Buku Indonesia dari Pinggir jelas ingin membedakan diri dengan kebanyakan buku catatan perjalanan lainnya, baik dari model brosur pariwisata negara dan/atau terutama yang dibuat oleh orang Eropa di zaman bahula. Sebagaimana dikatakan Fatris, catatan orang Eropa—si Indonesianis yang berkulit pucat—yang ditulis mulai abad ke-16 dan dinilai ikut mendorong kolonialisme itu, hanya melihat “Nusantara, Hindia Belanda, Indonesia” sebagai suatu yang eksotis “tanpa ada penderitaan yang dikandungnya.” Dan tentu karena itulah, Indonesia dari Pinggir ingin memperlihatkan bahwa, di tengah-tengah semburan slogan-slogan pariwisata yang telah dimulai sejak masa kolonial itu, penderitaan, lara, itu ada.

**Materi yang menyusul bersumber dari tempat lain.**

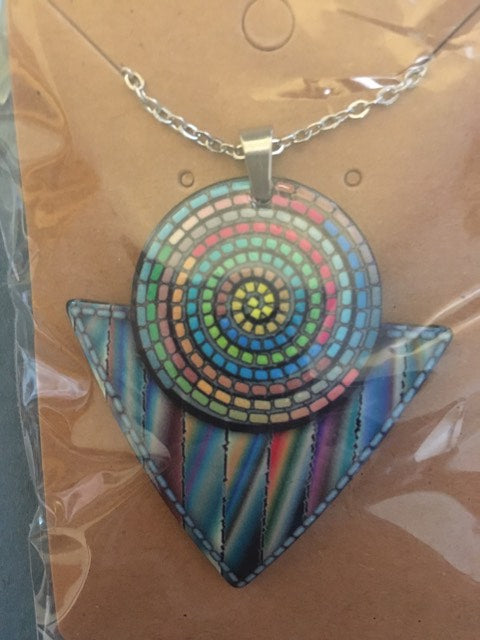 aztec necklace featuring tribal-inspired design, worn as a statement accessory for everyday or evening wear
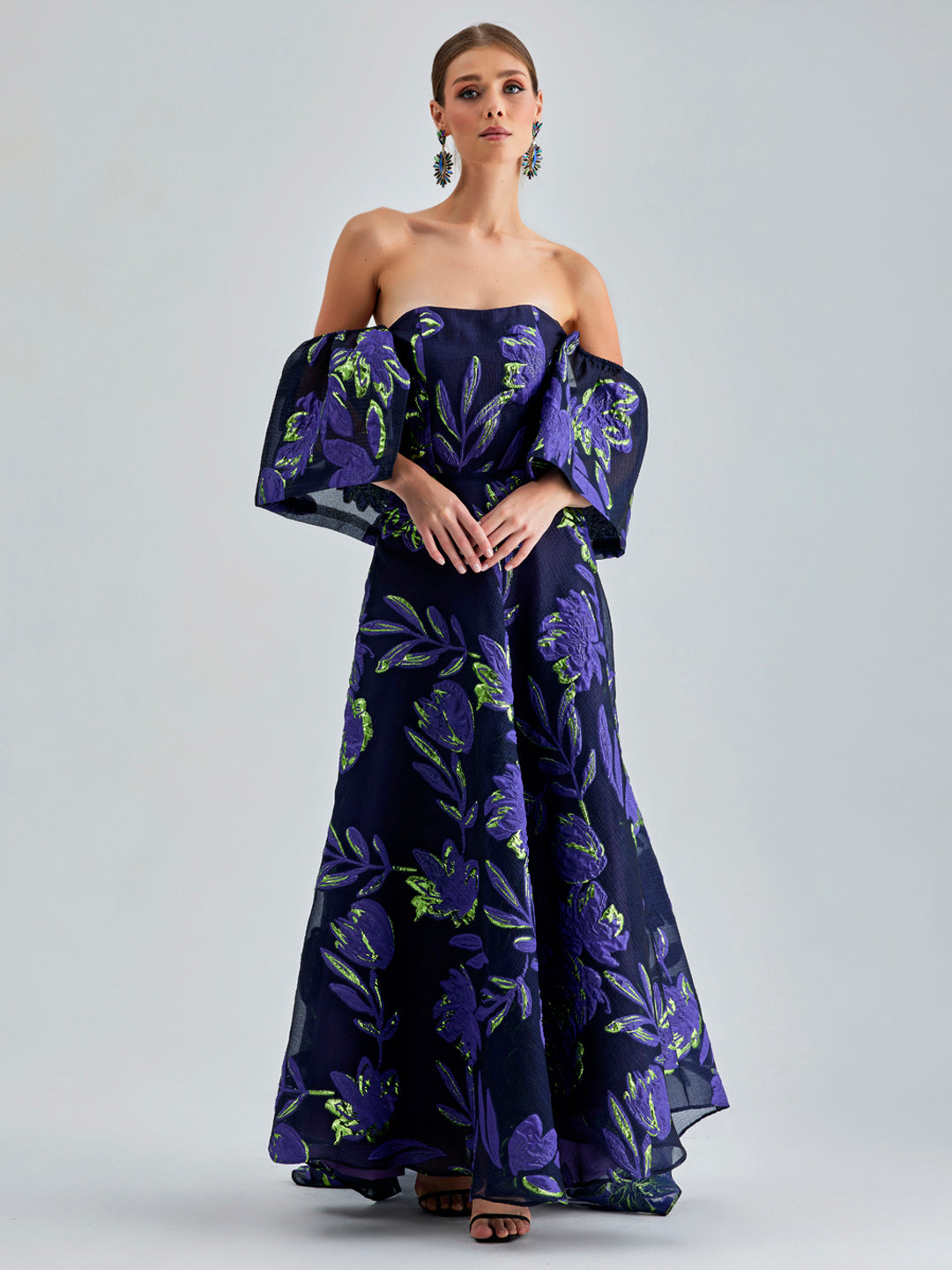 Zelene Gown Violet with large-scale floral patterns and a rich violet hue, featuring a daring open back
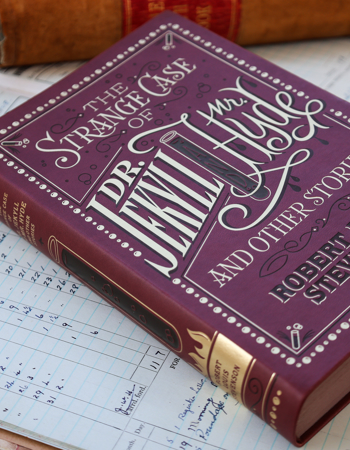 a book on top of other books on a table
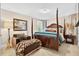 Cozy main bedroom featuring a four-poster bed, sitting area, and ample natural light at 1806 Pattersons Mill Rd, Durham, NC 27703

Indonesia dari Pinggir, saya pikir, menjadi sebuah memoar perjalanan yang, sekali lagi, mengagumkan, jika bukan yang sempurna, yang tidak hanya menyiratkan soal tempat-tempat yang memang sudah kadung populer, tetapi juga mencoba melihat permasalahan yang terjadi di baliknya sebagai olok-olok. Sindiran, kritikan, satire, humor, sinisme, dan uneg-uneg adalah hal yang akan sering Anda jumpai di lembar demi lembar, baik yang datang dari Fatris maupun orang-orang yang ia temui sepanjang perjalanan.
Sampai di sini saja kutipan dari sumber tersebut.